* **Description of the task**
Once you find the line with "صورة 3 لـ 2008 Lexus ES-SERIES" in the listing below, set down exactly every line from it through the line with "Loja-Salão, 100 m² - Foto 2", but no pictures.

* **Supplied records**
↓↓↓

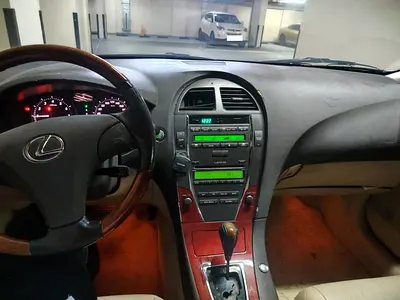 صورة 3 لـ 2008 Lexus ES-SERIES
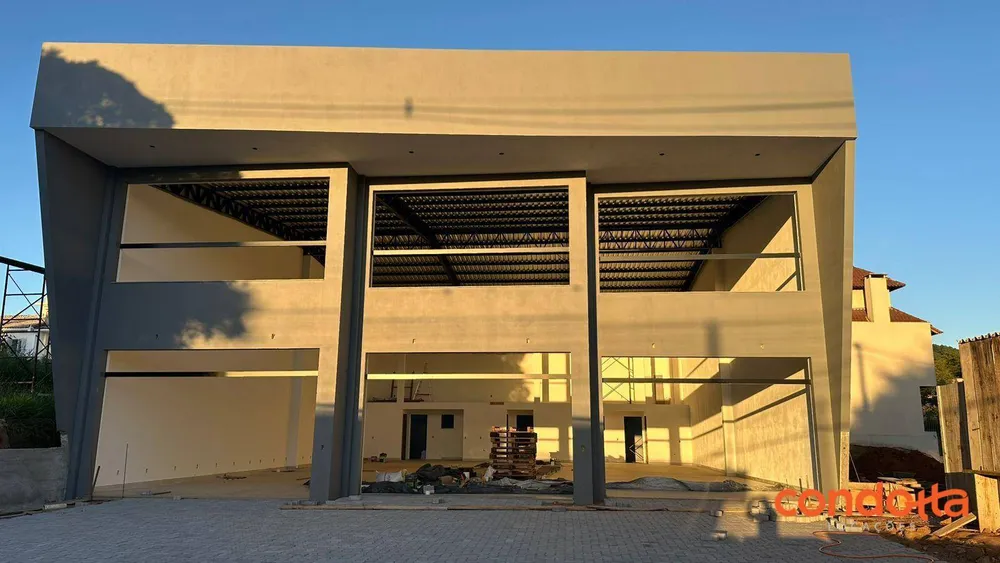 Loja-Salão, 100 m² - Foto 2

↑↑↑
↓↓↓

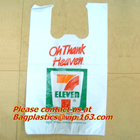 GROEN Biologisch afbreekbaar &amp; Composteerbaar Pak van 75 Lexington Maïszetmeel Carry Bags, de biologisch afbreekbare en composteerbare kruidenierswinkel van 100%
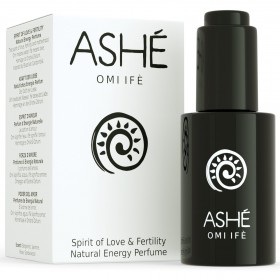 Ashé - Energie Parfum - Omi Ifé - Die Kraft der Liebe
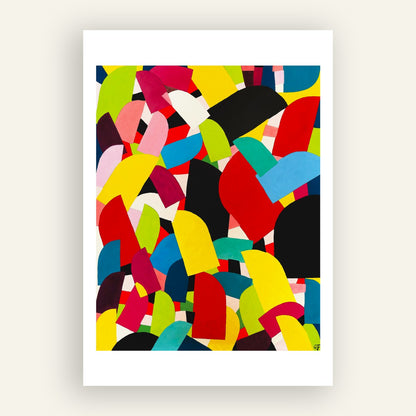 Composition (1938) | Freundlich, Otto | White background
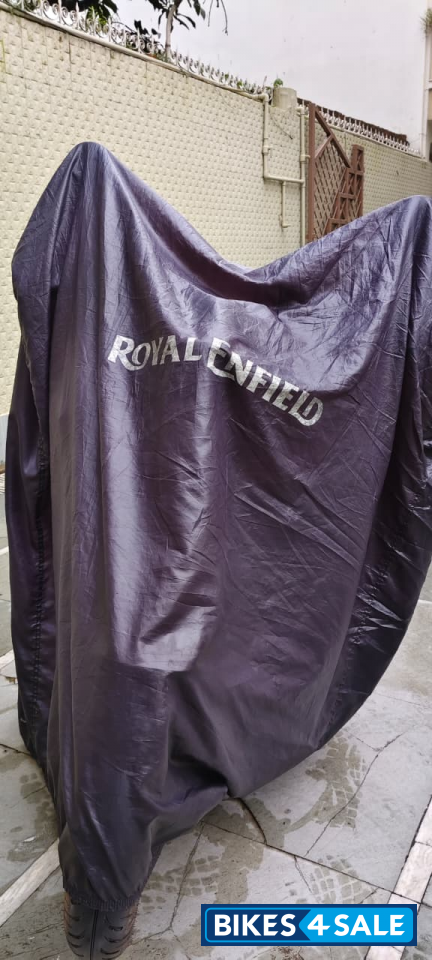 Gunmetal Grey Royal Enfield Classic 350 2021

↑↑↑
↓↓↓

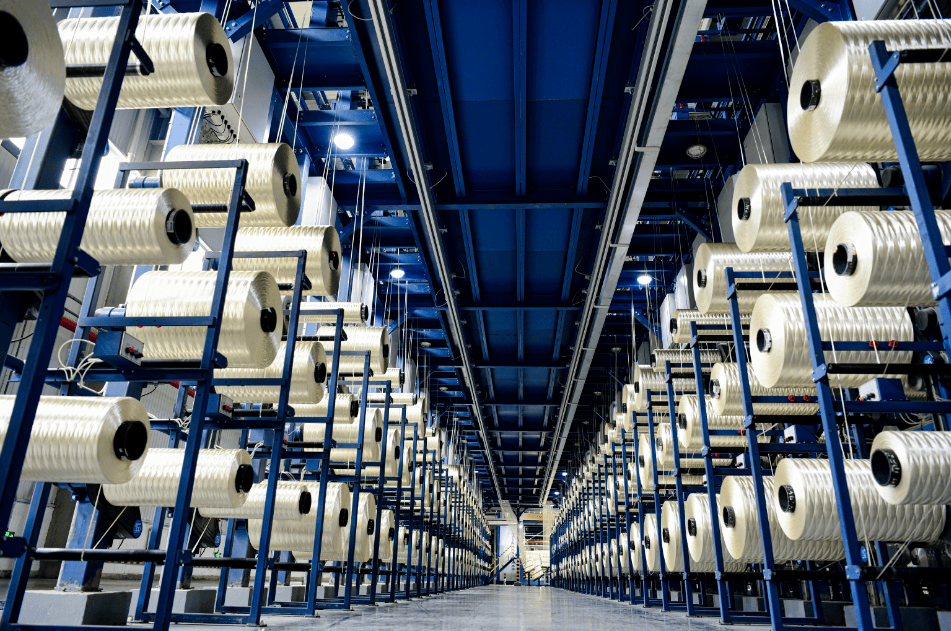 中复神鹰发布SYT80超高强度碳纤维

↑↑↑

* **Task solution**
 صورة 3 لـ 2008 Lexus ES-SERIES
 Loja-Salão, 100 m² - Foto 2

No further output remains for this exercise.